Anyway so I went to check SSC and it was also 2.98 so I wasn't sure whether to change or not. So I messaged AM because I'm having cold war with Tony. Asked her opinion whether should change or wait (and maybe might go up).
Then while waiting for her reply I went for Subway because I hadn't had dinner. After subway was about 9.12? I assumed the money changer would be open till 930. But I went out of subway and realised the money changer closed already. Oh well, problem solved.
But then in Subway, I heard the song "Locked Away" which was one of his favourite songs, and one song we played endlessly during previous roadtrip, and one song which had very meaningful lyrics, especially at my point in time.
This part:
If I got locked away
And we lost it all today...
Tell me honestly...
Would you still love me the same?
If I showed you my flaws
If I couldn't be strong
Tell me honestly
Would you still love me the same?
So basically I was ordering my food and heard this song. And almost teared there la wtf. At the counter. I think the part that hit me was all the 'situations' and then the Would you still love me the same?. The rest is like rap or something, I'm not sure. Anyway I only remember and feel emotional at this part. And after that I got really depressed. I mean I was already very down about bike, then this happened so I was really down.

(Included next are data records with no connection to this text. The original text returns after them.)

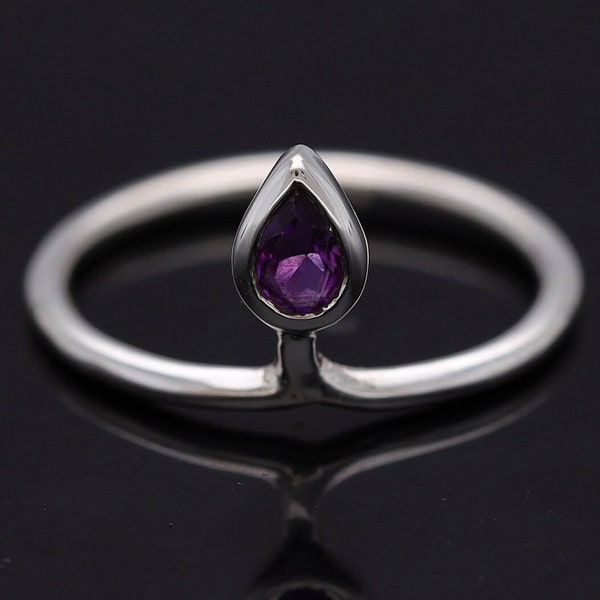 Natural Amethyst  Women Ring, 925 Sterling Silver Ring, Handmade Dainty Ring,  Best Gift For Her, February Birthstone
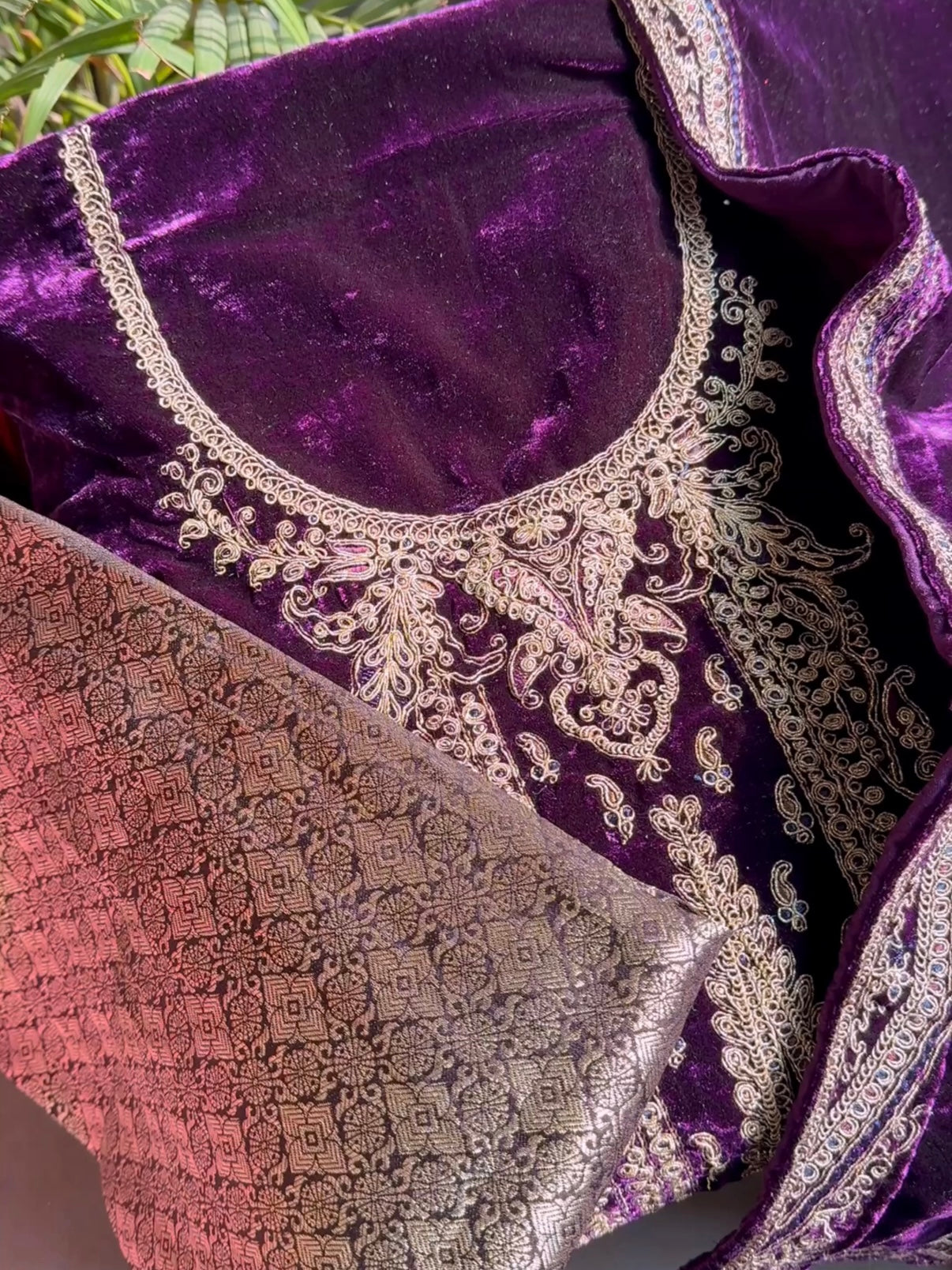 Velvet brocade marori aari work suit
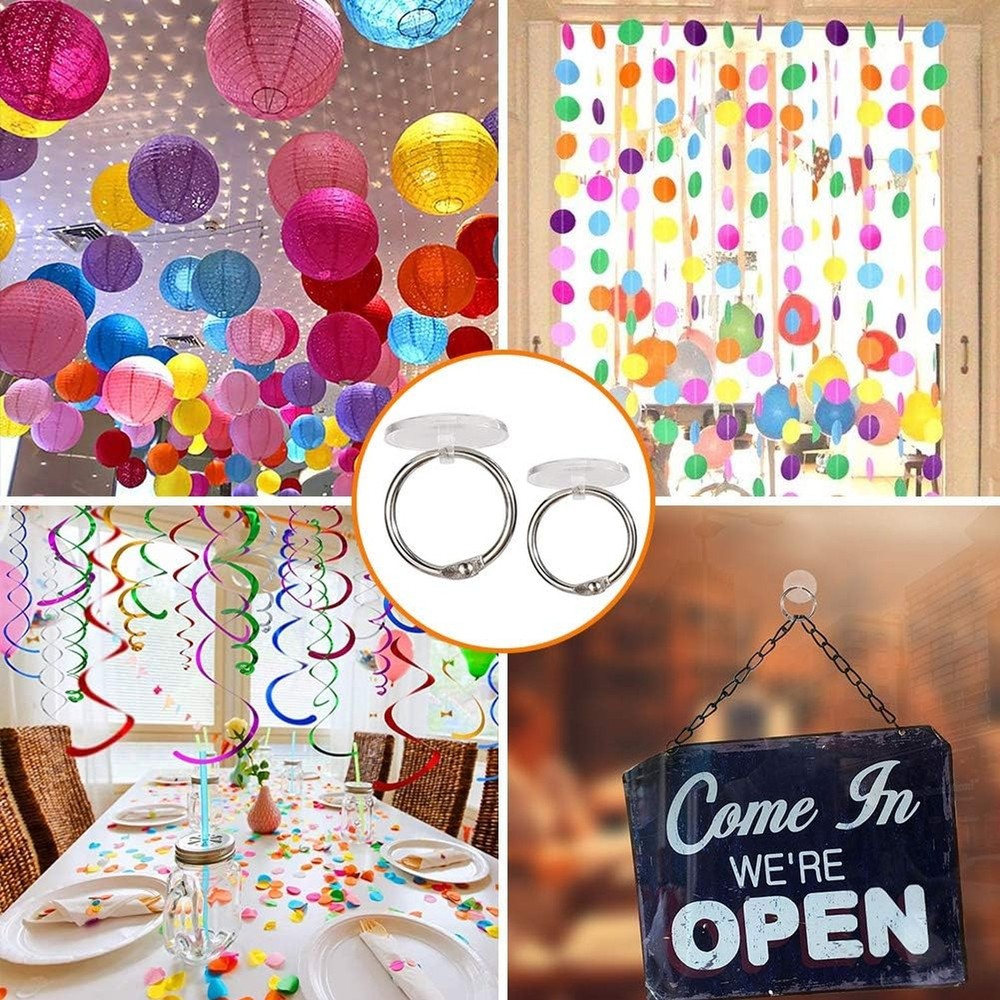 OOTSR 2cm Adhesive Ceiling Hook Small Disc Hanging Hook with 2.5cm Binding Ri...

Then went home feeling really quite down. When walking back just (as mentioned previously) felt that I am really in a dark place. And it kinda scared me a little because I was starting to wonder whether I am really getting mild depression. Now all along I'm worried I would have depression. I do believe that I am prone to depression.
Reached home and still very down. Even with mummy talking there as normal, I couldn't cheer up. Not sure if mummy realised or anything but I did mention to her I failed my bike assessment so maybe she thought it was that, so didn't comment or ask much also.
Eventually went to bed and for the first time since Sunday's quarrel, I cried in bed. I was surprised I cried. And then after laying in bed for a looooong time and finally fell asleep.
And I woke up today morning with tears in my eyes. I was really suuuper shocked. To the extent I wondered aloud "Why are there tears in my eyes??"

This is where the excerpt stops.